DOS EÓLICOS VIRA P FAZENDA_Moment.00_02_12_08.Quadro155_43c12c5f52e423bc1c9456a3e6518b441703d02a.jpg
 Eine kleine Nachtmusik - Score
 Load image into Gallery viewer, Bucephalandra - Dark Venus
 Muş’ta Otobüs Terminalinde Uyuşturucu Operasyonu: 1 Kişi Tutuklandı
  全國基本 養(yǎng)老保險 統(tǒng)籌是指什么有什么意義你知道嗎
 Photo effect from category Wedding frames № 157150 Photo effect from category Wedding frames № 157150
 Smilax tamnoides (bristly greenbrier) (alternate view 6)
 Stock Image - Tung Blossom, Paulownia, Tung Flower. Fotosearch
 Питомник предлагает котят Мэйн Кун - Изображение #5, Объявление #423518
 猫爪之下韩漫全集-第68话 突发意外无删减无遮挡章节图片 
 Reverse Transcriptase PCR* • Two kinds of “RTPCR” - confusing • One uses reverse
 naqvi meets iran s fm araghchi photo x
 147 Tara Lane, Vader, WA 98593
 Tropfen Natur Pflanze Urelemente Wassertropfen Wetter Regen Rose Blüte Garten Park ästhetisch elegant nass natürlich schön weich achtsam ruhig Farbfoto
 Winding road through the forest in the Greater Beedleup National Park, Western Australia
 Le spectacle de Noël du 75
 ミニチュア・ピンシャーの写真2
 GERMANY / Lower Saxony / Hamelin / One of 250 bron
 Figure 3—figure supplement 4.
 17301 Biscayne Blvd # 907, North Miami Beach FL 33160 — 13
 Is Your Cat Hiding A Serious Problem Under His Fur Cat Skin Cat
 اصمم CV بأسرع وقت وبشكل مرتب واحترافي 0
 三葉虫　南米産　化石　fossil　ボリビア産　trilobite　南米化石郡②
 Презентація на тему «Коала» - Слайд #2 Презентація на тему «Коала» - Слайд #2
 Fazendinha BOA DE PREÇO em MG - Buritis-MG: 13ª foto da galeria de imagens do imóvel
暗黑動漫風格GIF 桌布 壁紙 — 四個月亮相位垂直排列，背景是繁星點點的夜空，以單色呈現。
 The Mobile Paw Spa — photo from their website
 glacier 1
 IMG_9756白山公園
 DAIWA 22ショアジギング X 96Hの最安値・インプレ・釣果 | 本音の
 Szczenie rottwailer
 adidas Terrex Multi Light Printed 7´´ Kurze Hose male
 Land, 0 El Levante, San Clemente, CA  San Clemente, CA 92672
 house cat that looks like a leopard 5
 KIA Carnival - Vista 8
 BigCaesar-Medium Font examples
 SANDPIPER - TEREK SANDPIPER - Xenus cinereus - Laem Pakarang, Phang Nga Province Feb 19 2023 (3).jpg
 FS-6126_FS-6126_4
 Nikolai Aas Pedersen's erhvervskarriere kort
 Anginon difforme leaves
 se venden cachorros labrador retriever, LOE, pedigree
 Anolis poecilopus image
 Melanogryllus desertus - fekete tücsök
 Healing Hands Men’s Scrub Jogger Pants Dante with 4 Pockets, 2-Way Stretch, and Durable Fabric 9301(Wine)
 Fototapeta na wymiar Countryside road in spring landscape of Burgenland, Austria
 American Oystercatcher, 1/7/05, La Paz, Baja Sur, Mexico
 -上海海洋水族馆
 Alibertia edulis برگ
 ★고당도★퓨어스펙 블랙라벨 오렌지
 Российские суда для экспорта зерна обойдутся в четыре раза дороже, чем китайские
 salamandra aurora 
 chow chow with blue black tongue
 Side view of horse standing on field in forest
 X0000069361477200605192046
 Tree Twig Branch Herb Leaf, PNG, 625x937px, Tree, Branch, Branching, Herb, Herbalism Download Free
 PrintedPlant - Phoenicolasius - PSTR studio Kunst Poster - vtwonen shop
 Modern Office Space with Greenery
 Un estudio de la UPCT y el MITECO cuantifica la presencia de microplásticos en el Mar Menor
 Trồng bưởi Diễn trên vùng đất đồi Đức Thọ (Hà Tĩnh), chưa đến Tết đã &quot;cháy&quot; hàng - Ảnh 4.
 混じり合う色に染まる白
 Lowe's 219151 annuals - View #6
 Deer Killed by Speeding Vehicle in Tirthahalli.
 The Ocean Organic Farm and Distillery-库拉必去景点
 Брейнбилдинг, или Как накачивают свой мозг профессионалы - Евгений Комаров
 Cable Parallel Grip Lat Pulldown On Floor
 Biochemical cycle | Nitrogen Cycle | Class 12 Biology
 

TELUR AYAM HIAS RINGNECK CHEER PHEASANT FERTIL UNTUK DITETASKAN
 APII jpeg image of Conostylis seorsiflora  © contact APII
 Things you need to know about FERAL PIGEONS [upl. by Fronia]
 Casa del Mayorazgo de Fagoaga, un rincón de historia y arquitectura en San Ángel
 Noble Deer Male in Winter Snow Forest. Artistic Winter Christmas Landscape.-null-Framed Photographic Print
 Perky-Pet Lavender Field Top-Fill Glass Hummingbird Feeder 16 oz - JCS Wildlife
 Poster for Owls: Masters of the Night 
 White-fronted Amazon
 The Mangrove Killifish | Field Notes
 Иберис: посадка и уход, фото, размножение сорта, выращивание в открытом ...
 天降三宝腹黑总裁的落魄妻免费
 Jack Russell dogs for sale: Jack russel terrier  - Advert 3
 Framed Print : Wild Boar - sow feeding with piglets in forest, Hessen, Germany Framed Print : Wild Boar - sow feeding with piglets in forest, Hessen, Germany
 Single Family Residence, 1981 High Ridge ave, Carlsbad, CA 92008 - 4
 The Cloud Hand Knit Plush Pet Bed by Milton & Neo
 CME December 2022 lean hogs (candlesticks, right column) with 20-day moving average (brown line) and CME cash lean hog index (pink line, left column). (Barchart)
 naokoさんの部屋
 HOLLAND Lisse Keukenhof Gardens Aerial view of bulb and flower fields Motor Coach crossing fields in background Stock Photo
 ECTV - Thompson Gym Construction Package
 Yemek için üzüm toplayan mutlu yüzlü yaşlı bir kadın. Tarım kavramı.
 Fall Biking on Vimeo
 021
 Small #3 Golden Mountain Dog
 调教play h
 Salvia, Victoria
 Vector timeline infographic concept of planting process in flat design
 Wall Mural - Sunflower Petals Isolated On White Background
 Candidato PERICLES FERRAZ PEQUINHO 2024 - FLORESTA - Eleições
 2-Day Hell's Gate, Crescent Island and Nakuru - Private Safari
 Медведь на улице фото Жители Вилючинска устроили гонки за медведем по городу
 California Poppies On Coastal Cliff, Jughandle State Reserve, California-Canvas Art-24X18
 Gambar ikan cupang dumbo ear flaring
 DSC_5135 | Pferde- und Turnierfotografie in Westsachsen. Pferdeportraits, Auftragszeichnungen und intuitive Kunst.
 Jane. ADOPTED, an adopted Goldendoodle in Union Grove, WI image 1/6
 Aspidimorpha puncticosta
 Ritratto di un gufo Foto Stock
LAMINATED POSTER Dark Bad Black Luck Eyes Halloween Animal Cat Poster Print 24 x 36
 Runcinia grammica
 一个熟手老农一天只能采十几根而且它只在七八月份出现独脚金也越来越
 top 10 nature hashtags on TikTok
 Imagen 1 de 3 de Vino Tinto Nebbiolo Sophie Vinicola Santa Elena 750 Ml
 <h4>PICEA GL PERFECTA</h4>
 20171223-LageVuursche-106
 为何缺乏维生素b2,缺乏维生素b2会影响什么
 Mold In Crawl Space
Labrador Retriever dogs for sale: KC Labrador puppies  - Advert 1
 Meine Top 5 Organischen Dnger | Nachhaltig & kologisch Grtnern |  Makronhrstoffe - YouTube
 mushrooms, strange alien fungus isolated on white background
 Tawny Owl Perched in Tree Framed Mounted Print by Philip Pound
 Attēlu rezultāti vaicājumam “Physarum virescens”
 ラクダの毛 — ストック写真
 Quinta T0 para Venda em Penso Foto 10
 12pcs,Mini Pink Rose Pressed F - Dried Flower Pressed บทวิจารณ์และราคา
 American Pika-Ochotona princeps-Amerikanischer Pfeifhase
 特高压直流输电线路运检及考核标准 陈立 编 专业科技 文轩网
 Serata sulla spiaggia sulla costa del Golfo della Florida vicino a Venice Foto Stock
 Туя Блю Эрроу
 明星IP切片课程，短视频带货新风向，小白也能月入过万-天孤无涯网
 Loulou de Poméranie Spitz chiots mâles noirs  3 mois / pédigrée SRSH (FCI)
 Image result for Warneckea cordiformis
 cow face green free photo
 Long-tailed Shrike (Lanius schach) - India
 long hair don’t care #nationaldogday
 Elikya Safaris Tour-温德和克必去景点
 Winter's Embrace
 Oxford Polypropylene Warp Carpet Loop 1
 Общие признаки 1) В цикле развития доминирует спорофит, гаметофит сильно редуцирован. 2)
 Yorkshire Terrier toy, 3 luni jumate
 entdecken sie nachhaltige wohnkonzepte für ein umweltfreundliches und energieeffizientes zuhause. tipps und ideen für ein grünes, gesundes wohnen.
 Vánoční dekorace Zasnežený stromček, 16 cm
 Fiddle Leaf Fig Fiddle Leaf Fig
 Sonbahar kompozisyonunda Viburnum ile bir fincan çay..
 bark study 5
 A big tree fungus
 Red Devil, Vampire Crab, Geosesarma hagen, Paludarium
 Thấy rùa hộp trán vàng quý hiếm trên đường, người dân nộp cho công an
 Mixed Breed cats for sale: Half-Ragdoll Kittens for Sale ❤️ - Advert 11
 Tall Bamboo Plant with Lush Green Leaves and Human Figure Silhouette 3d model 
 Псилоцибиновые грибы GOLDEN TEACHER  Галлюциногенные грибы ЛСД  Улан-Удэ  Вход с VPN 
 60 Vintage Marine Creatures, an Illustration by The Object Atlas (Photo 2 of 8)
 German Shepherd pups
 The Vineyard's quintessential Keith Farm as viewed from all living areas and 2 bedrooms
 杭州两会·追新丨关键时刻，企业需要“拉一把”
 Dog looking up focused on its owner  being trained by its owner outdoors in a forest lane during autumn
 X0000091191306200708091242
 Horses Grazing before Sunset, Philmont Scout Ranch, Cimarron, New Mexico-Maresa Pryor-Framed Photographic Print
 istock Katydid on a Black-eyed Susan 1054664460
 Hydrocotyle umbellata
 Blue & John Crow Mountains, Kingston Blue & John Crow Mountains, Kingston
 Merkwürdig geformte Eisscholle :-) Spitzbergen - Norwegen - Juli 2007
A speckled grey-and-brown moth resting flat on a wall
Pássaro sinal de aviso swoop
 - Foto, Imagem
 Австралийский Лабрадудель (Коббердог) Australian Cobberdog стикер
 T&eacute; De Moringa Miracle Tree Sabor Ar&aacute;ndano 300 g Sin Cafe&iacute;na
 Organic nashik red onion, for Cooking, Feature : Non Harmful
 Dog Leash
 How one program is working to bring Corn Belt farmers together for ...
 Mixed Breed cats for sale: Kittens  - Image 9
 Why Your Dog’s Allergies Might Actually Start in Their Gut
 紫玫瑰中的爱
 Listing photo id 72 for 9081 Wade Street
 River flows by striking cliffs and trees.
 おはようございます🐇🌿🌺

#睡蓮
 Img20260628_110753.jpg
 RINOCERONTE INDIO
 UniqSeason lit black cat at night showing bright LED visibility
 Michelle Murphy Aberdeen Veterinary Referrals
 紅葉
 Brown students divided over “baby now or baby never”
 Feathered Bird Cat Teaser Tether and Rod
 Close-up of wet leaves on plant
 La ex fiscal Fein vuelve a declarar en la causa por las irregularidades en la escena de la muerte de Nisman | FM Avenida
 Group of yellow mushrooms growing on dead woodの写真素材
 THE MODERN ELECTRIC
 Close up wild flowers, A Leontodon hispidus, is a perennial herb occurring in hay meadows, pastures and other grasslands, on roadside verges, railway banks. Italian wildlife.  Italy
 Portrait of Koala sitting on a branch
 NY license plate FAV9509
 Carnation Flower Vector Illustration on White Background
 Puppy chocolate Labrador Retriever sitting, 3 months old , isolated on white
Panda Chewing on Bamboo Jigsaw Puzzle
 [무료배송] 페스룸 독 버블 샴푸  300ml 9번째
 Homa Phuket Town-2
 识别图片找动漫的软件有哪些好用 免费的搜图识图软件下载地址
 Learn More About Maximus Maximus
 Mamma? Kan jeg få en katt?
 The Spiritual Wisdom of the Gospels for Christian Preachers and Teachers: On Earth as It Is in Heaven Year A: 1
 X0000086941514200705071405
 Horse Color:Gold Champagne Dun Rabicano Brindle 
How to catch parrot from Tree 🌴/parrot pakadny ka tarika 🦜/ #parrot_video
────
**What to work on**:
Your answer should reproduce each line of the listing that holds the word "Mexico".

**Answer space**:
 American Oystercatcher, 1/7/05, La Paz, Baja Sur, Mexico
 Horses Grazing before Sunset, Philmont Scout Ranch, Cimarron, New Mexico-Maresa Pryor-Framed Photographic Print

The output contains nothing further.